O procedimento foi encaminhado à Secretaria de Controle Externo da Administração do Estado, que deve pedir manifestações aos envolvidos e elaborar relatório técnico sobre o caso.

Com base nesse documento, o TCU pode determinar ou recomendar o pagamento de multas e a devolução do dinheiro aos cofres públicos, se entender que de fato o recurso não poderia ter sido aplicado em tal fim.

Os “bicos” dos policiais na área de segurança privada foram revelados na semana passada pelo jornal “Folha de S. Paulo” e confirmados pelo Valor.

Integraram a equipe, por exemplo, um perito criminal e um inspetor - pelo contrato, fazia parte do serviço o fornecimento de orientações para evitar situações de risco. O PSL também arcou com as despesas de deslocamento e alimentação desses profissionais.

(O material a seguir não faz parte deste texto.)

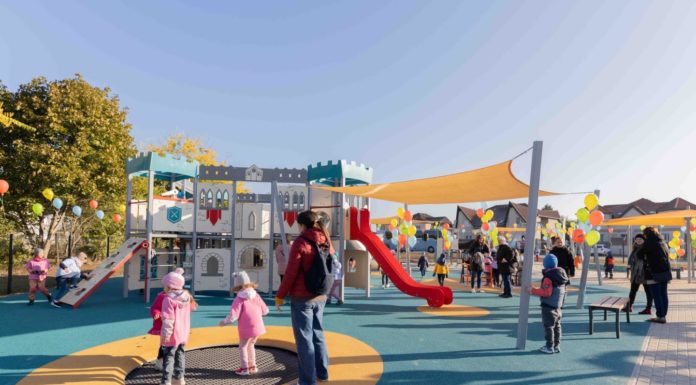 Játszóteret épített a Samsung SDI a gödi gyermekeknek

Um deles era um ex-policial expulso da corporação por suspeita de recebimento de propina em troca da omissão no combate ao tráfico. Ele acabou absolvido na Justiça, mas a PM decidiu mantê-lo fora dos quadros.

Todos os contratos foram assinados pelo então presidente do PSL, Gustavo Bebianno, uma das primeiras baixas do governo Bolsonaro. Ele deixou o cargo de secretário-geral da Presidência em 18 de fevereiro, em meio às revelações sobre o esquema de candidaturas de fachada encampadas pelo partido - e que agora ameaçam o ministro do Turismo, Marcelo Álvaro Antônio.

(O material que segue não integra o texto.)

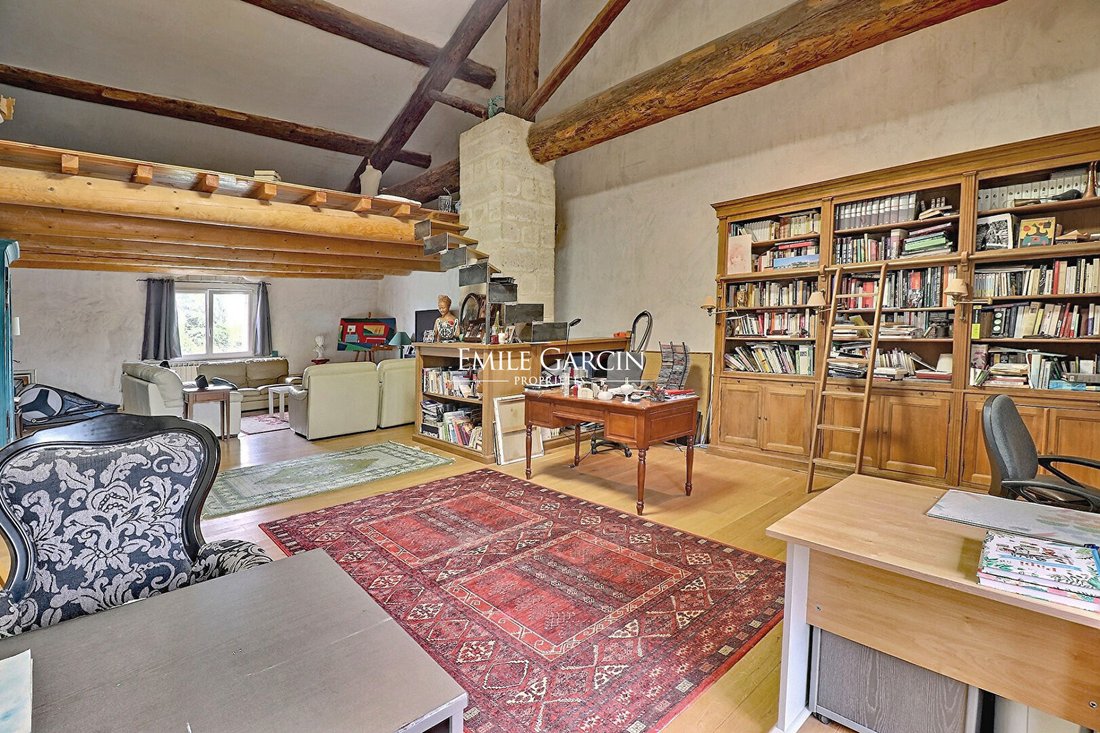 Villa in Boulbon, Provence-Alpes-Côte d'Azur, France 5 - 15968773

Ao TCU, o subprocurador-geral Lucas Rocha Furtado destacou o fato de os contratos, firmados individualmente com cada um dos policiais, exigirem deles a declaração de que o serviço estava sendo prestado “com autorização legal”, embora pelo menos cinco dispositivos - entre leis, decretos e estatutos - proíbam essa prática.

“A legislação veda, sem qualquer margem de interpretação, a atuação de policiais militares e de policiais civis como segurança privado, estando os infratores sujeitos, inclusive, a sanções disciplinares”, observou ele.

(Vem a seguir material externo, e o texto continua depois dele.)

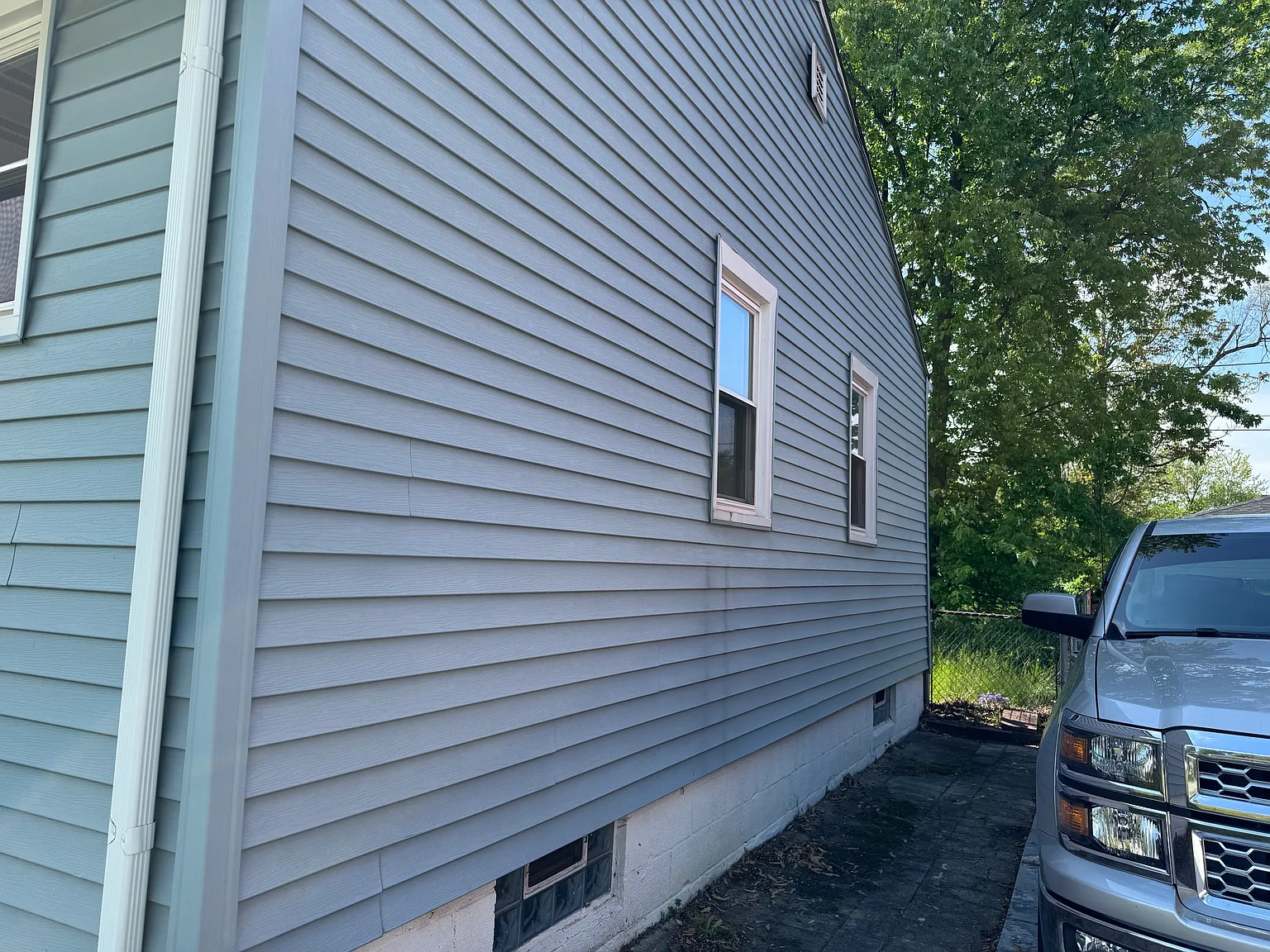 4 bed, 1.5 bath, 1875 sqft, $1,950 — Photo 3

A norma mais antiga foi promulgada em 1965. Segundo o texto da lei, é considerada uma “transgressão disciplinar” o fato de um policial “exercer atividade pública ou privada, profissional ou liberal, estranha à de seu cargo”. Os estatutos dos policiais civis e militares do Rio de Janeiro também trazem cláusulas que preveem dedicação exclusiva.

Quem desrespeita esses artigos pode ser advertido ou até mesmo suspenso das corporações, mas a aplicação de sanções é medida rara. Não há tipificação penal para a irregularidade, nem para os agentes, nem para quem os contratou.

O Valor procurou o diretório nacional do PSL por meio de sua assessoria, que não respondeu. Já a Secretaria de Comunicação (Secom) da Presidência informou que o Palácio do Planalto não iria se manifestar sobre o episódio. Bebianno não foi localizado.